### Collected data
--- START ---

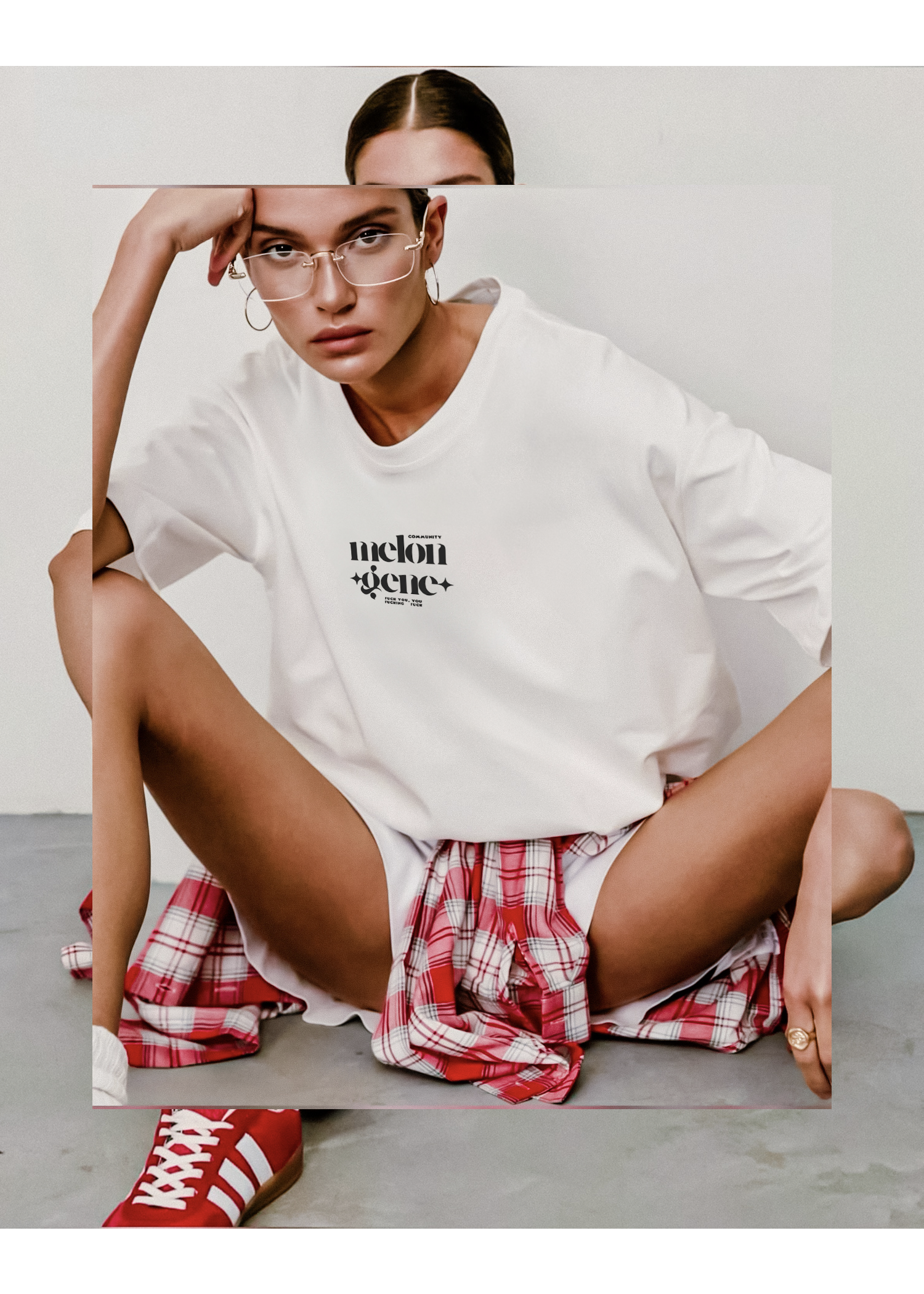 Melonjen special “fuck u you fuckin fuck community” oversize tişört - melongeneCo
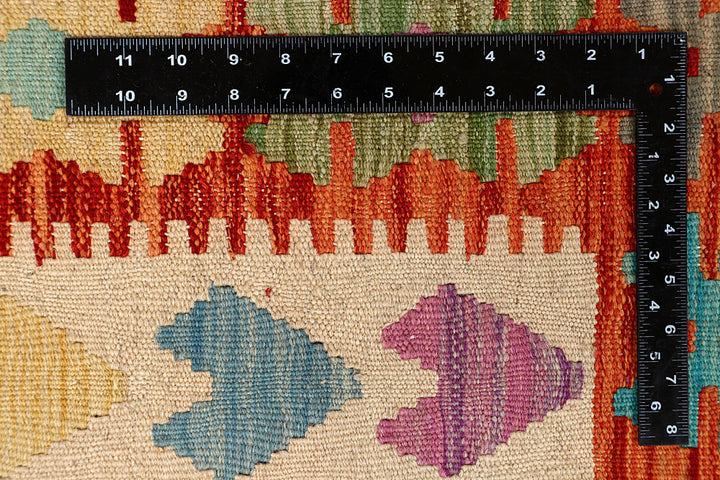 Multi Colored Kilim 6' 7 x 9' 8 - No. 66902 - ALRUG Rug Store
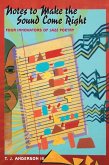 Notes to Make the Sound Come Right (eBook, ePUB) Notes to Make the Sound Come Right (eBook, ePUB)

--- END ---

### To do
All of the listing above has to be reproduced exactly, though without its images.

### Result of this exercise
 Melonjen special “fuck u you fuckin fuck community” oversize tişört - melongeneCo
 Multi Colored Kilim 6' 7 x 9' 8 - No. 66902 - ALRUG Rug Store
 Notes to Make the Sound Come Right (eBook, ePUB) Notes to Make the Sound Come Right (eBook, ePUB)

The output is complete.